SENTENCIA CONSTITUCIONAL 1756/2004-R
Fecha: 04-Nov-2004
III.1.
III.1. Los arts. 6. II y 9 de la CPE, por una parte, obligan al Estado a proteger la libertad y la dignidad de las personas y por otra, enseñan que: “Nadie puede ser detenido, arrestado ni puesto en prisión, sino en los casos y según las formas establecidas por ley, requiriéndose para la ejecución del respectivo mandamiento, que éste emane de autoridad competente y sea intimado por escrito”. La excepción a esta exigencia está prevista en el art. 10 de la CPE, que señala que todo delincuente in fraganti puede ser aprehendido, aún sin mandamiento, por cualquier persona, para el único objeto de ser conducido ante la autoridad o juez competente, quien deberá tomarle su declaración en el plazo máximo de veinticuatro horas.
En desarrollo de esta norma constitucional los arts. 227.1 y 229 del CPP facultan a la Policía y a los particulares a practicar la aprehensión en caso de flagrancia, es decir, cuando se presenten las circunstancias descritas en el art. 230 del CPP, que textualmente señala que: “se considera que hay flagrancia cuando el autor del hecho es sorprendido en el momento de intentarlo, de cometerlo o inmediatamente después mientras es perseguido por la fuerza pública, el ofendido o los testigos presenciales del hecho”.
De las normas citadas se tiene que sólo en caso de flagrancia se pueden obviar las formalidades para la aprehensión previstas en la Constitución Política del Estado y en el Código de procedimiento penal; en consecuencia, en los demás casos, se debe cumplir, inexcusablemente, el procedimiento que para el efecto establece la norma adjetiva penal, ya sea citando previamente al imputado para que preste su declaración como prevé el art. 224 del CPP, o emitiendo una resolución debidamente fundamentada, cuando se presenten los requisitos establecidos en el art. 226 del CPP, requiriéndose en ambos supuestos, que exista al menos denuncia o investigación abierta contra esa persona. Entendimiento asumido por la SC 957/2004-R.

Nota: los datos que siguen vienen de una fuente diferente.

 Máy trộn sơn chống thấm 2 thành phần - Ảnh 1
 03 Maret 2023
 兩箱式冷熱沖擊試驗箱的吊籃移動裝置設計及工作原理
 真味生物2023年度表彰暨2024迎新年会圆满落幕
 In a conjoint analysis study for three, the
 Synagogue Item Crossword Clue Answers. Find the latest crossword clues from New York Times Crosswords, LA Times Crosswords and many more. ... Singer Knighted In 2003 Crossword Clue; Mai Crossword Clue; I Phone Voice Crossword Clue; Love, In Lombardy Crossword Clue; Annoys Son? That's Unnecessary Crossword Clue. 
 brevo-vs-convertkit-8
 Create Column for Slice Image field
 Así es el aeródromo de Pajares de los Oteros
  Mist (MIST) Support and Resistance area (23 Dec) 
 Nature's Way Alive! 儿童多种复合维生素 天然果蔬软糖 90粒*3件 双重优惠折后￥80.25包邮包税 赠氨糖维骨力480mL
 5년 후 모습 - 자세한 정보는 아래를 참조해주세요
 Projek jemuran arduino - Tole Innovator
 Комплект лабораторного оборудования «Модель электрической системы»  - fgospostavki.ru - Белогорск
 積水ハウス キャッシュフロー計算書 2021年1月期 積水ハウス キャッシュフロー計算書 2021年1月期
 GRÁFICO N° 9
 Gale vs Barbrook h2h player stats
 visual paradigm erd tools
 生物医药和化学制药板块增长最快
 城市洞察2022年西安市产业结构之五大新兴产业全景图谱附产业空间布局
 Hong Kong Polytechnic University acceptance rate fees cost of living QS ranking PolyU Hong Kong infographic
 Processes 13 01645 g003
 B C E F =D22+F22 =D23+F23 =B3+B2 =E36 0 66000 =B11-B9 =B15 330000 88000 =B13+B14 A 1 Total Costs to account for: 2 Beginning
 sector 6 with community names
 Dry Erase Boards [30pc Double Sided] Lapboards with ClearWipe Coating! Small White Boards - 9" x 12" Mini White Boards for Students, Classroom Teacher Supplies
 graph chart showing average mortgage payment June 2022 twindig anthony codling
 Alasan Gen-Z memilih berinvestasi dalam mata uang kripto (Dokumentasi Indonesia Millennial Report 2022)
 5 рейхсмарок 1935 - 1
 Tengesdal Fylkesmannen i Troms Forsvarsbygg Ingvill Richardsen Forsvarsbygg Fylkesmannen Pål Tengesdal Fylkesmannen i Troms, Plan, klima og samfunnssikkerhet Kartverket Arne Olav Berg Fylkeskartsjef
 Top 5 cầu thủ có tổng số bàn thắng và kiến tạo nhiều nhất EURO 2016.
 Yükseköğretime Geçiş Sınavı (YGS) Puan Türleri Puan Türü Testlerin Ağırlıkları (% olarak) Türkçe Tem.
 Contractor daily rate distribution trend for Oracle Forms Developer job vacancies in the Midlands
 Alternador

Si bien los funcionarios policiales que allanaron el domicilio y aprehendieron al recurrente no han sido recurridos, ello no es óbice para ingresar a conocer el fondo del recurso, al respecto la jurisprudencia constitucional ha señalado en la SC 760/2003-R, que el hecho de que la autoridad que vulneró el derecho a la libertad, no hubiera sido demandada no impide que se otorgue la tutela impetrada, si la misma está dentro de los alcances protectivos del art. 18 Constitucional, dado que la Policía sólo puede proceder a la aprehensión cuando concurren los supuestos previstos en el art. 227 del CPP entre los que se encuentra la flagrancia, cuyas características no concurren en el caso analizado.